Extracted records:
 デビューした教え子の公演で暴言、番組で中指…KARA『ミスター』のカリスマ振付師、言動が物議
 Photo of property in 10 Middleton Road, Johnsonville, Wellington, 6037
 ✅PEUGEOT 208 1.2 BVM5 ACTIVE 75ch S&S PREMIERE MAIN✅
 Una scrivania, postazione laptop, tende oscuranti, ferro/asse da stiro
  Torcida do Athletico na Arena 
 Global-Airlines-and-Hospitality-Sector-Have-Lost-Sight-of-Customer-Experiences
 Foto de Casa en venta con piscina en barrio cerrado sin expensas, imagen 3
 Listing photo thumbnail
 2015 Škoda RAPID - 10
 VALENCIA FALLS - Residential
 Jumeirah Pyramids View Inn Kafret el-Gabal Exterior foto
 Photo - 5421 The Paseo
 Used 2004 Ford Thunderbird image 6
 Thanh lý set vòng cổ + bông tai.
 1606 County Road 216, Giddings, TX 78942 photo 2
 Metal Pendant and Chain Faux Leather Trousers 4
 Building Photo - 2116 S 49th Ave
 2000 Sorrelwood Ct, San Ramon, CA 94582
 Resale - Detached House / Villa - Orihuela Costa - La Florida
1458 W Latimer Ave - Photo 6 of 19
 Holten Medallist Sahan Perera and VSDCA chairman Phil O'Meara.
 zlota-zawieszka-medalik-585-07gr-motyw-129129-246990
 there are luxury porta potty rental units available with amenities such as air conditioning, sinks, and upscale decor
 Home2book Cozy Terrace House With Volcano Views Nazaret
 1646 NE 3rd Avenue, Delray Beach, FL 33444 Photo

◆ Exercise
Each line above that has the word "House" should be copied.

◆ Answer space
 Resale - Detached House / Villa - Orihuela Costa - La Florida
 Home2book Cozy Terrace House With Volcano Views Nazaret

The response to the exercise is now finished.